Mechanogenomic Virtual Cell Wiki

Welcome to the documentation of the Mechanogenomic Virtual Cell.

This project implements a minimal physical-computational model of nuclear mechanotransduction. The model links substrate stiffness to cellular traction, nuclear stress, nuclear deformation, YAP/TAZ activity, and fibrosis-associated mechanosensitive gene trajectories.

The goal of this wiki is to document each physical module of the model separately and explain how they are integrated into a complete virtual-cell framework.


Model overview

The mechanogenomic virtual cell follows a physical causal chain:

$$E \rightarrow T(E) \rightarrow \sigma_{nuc}(E) \rightarrow A(t),\;YAP/TAZ,\;genes$$

where:

Term Meaning
E Substrate or tissue stiffness
T(E) Cell-generated traction
sigma_nuc(E) Effective nuclear stress
A(t) Time-dependent projected nuclear area
YAP/TAZ Nuclear mechanotranscriptional activity
genes Mechanosensitive gene-expression outputs

In this framework, hepatic fibrosis is modeled as a progressive increase in tissue stiffness. This allows fibrosis stages to be interpreted as points along a mechanical axis.


Individual model pages

The full model is divided into independent but connected modules.

1. Motor-Clutch Model

Motor-Clutch Model

The motor-clutch model describes how substrate stiffness is converted into cellular traction through actomyosin contractility and integrin-based adhesions.

Main output:

$$T(E)$$

This module acts as the mechanical engine of the virtual cell.

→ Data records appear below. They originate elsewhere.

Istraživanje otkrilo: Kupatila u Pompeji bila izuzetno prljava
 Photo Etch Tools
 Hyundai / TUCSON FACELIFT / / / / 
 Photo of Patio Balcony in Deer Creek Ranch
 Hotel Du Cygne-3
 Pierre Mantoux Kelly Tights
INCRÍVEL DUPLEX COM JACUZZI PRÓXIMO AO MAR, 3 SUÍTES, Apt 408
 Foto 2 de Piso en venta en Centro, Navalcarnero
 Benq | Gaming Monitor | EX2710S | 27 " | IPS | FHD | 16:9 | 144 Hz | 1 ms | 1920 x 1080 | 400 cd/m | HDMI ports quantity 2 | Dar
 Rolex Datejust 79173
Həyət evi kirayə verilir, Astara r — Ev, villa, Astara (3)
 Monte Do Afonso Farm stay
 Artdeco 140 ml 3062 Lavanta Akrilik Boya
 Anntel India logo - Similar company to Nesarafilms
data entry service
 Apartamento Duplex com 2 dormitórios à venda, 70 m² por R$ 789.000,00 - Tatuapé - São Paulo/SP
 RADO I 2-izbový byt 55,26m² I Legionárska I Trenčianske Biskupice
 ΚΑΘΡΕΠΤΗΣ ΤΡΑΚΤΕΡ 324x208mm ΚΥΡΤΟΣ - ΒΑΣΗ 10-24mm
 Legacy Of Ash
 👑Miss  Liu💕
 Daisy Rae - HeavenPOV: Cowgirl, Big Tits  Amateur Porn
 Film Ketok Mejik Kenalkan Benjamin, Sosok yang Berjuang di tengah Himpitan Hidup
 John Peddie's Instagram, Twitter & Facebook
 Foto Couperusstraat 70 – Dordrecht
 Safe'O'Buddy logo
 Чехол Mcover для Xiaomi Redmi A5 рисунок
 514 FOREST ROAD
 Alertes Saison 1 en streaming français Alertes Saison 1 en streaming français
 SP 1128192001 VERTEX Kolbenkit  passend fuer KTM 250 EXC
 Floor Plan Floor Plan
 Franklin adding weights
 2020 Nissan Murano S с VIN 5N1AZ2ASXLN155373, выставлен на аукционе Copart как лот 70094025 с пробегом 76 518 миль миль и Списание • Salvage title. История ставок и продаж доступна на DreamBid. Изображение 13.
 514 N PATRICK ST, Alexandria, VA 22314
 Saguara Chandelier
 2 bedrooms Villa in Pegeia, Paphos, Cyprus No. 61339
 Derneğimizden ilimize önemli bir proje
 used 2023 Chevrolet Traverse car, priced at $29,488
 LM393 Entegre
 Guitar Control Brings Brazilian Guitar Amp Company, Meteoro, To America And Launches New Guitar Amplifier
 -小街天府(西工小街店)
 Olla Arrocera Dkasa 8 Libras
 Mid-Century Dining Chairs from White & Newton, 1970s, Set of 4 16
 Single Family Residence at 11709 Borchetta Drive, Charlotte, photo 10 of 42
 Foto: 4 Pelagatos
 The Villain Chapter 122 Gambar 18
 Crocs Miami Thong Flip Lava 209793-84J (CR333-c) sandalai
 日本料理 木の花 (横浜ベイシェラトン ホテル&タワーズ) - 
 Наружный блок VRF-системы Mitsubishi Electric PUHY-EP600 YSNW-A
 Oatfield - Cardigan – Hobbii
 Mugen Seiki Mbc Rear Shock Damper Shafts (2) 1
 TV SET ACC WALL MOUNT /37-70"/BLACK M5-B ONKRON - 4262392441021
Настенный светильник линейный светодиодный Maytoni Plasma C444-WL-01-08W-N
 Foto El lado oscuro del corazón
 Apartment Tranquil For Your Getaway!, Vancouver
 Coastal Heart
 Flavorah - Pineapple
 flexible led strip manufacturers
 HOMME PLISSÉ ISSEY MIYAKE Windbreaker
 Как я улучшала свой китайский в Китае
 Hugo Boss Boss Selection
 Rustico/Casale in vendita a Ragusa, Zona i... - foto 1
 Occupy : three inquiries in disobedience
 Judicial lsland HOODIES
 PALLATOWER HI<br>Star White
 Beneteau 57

2. Nuclear Mechanics Model

Nuclear Mechanics Model

The nuclear mechanics model describes how cellular traction is transmitted to the nucleus and converted into nuclear stress, nuclear deformation, lamin A/C-dependent mechanical gating, and YAP/TAZ activation.

Main outputs:

$$\sigma_{nuc}(E),\quad A(t),\quad YAP_{N/C}$$

This module acts as the mechanosensitive core of the virtual cell.


Integrated virtual-cell architecture

The complete model combines the following steps:

Step Module Input Output
1 Stiffness mapping E kappa
2 Motor-clutch model kappa, myosin motors, molecular clutches T(E)
3 Force transmission T(E), kappa, k_c sigma_nuc(E)
4 Lamin-gated nuclear mechanics sigma_nuc, ell A_ss(E)
5 Nuclear dynamics A_ss(E), tau A(t)
6 YAP/TAZ gating sigma_nuc, ell YAP_N/C
7 Population mixture E, t, phi Nuclear-area distribution
8 Fibrosis mapping Fibrosis stage Mechanogenomic trajectory

Biological interpretation

The model is based on the idea that cells sense stiffness by generating force.

In soft environments, force transmission is weak.
In stiff environments, integrin clutches load more efficiently, actomyosin-generated traction increases, and more mechanical stress reaches the nucleus.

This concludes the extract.